Chapter 7 Bankruptcy
There are three types of bankruptcies which could affect the average consumer. Chapters 7, 11 and 13. A chapter 7 bankruptcy is the type of bankruptcy where the consumer’s (debtor) debts are forgiven and he or she is essentially given a clean slate.
Some debts can be reaffirmed such as a car loan or home mortgage if that is in the best interest of the creditor and they qualify. There are income limits that must be met before filing a chapter 7 bankruptcy. This is referred to as the means test (see link below) In a chapter 7 bankruptcy the court issues a stay or protects the debtor from being pursued by the creditors. When the chapter 7 bankruptcy is filed, the creditors must stop contacting the debtor, stop garnishing wages etc. If necessary I will send a letter to an aggressive creditor prior to filing to advise them that I have been retained and will be filing a chapter 7 bankruptcy in the future.
Chapter 11 bankruptcy is typically used by a business to reorganize. It is used to protect the business from creditors and it usually involves repayment of some of the debts to the creditors. Chapter 13 bankruptcy is also a repayment plan. It is generally used for debtors who make too much money or who have too many assets. Again, the court protects the debtor from his or her creditors.
My office helps debtors with chapter 7 bankruptcies only.Some common questions and concerns
Will I destroy my credit?
Bankruptcy in many ways helps your credit. If you’re considering bankruptcy then chances are you can’t dig yourself out of the hole you’re in as it is. Bankruptcy allows you to start over. Many clients find that they are able to establish good credit ratings shortly after completing bankruptcy.
How long does bankruptcy take?
As soon as you provide us with your information and we are able to file for bankruptcy, the court issues what is called a “stay” and you are legally protected from any further creditor action against you, including collections and garnishments. Beyond that, the entire process takes a few months including one mandatory court appearance about a month into the process.
Do you take payments?
I will work with you on a payment plan if you qualify for a chapter 7 and have the ability to make timely payments. At this time the federal court charges $335 to file the case. In addition, there are costs associated with obtaining the debtor’s triple credit report and costs associated with the two mandated counseling sessions that the debtor must do (usually on-line). All of these costs are approximately $500. And the attorney fee is generally 2 to 4 hours at $250 an hour depending the complexity.
Do I have to go to court?
Generally you will have one court appearance at which the bankruptcy trustee and creditors may ask you questions regarding your debts, income and your intentions.

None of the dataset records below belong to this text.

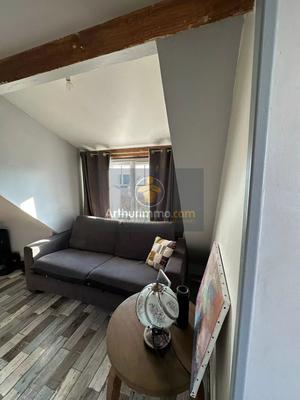 Maison - 225 m² - 12 pièces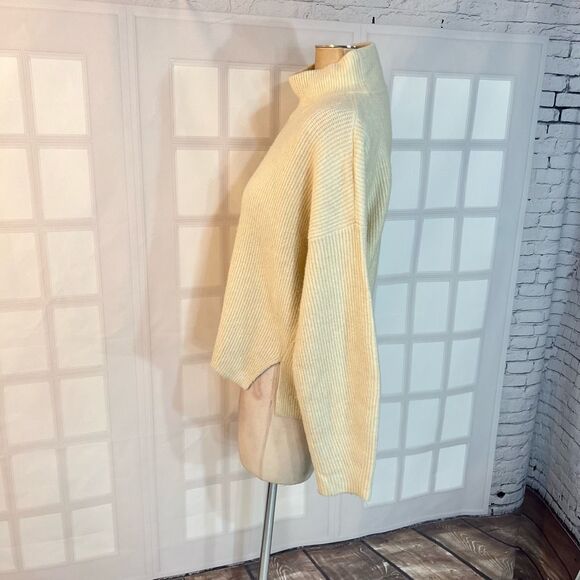 Abercrombie & Fitch Ivory Funnel Neck Ribbed Knit Pullover Sweater Size Medium - Picture 6 of 9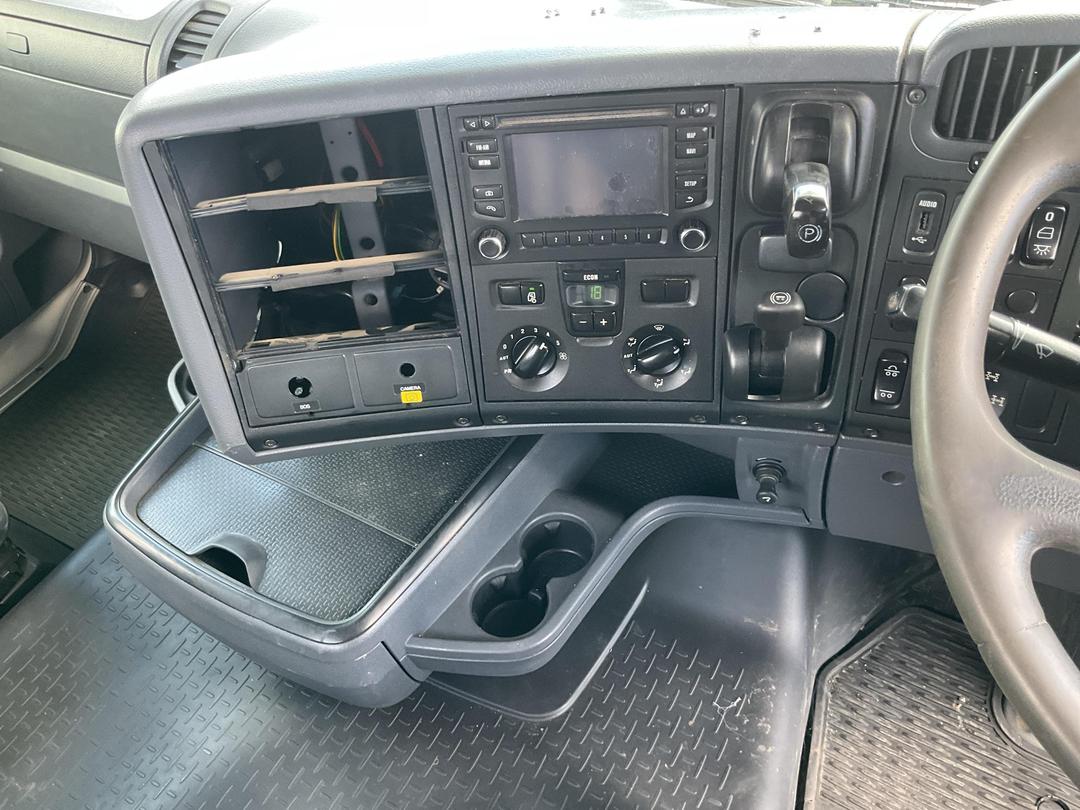 Photo '14' of SCANIA R560 V8 Cab Chassis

This meeting is approximately one month after the bankruptcy is filed. Usually there are not creditors present.
Who will I be dealing with during this process?
I will personally meet with you and answer all of your questions and I will prepare you for and I will be be with you in court for the 341 creditor’s examination hearing.
Will filing a chapter 7 bankruptcy harm my credit?
You cannot charge your way out of financial trouble. Filing any type of bankruptcy will show up on your credit report. However, the bankruptcy process gives you a new start and in addition you will very likely be offered new credit after a few months for the simple reason that you cannot file for bankruptcy again until 7 years have elapsed.
Can I keep my car or my home if I file for bankruptcy?
You can “reaffirm” certain debts such as a car, home, boat etc., if you qualify and if the lender agrees to same. These reaffirmed debts are excluded out of the bankruptcy process.
Do I have to turn over my paychecks to the bankrputcy court:
No. In a chapter 7 bankruptcy, you will continue to have control over your money and manage it yourself.
What about my personal property such as jewelry, guns, furniture etc?
You are entitled to certain exemptions under the bankruptcy rules. The court allows you a certain amount of money or credit for the types of things most people own so that you can keep those items. It is only when there are excessive assets that the trustee may attempt to obtain control over those assets in order to pay the creditors.
Can I keep my pension or Social Security Benefits?
Generally yes. Pensions and 401K’s; IRA’s are usually protected from creditors.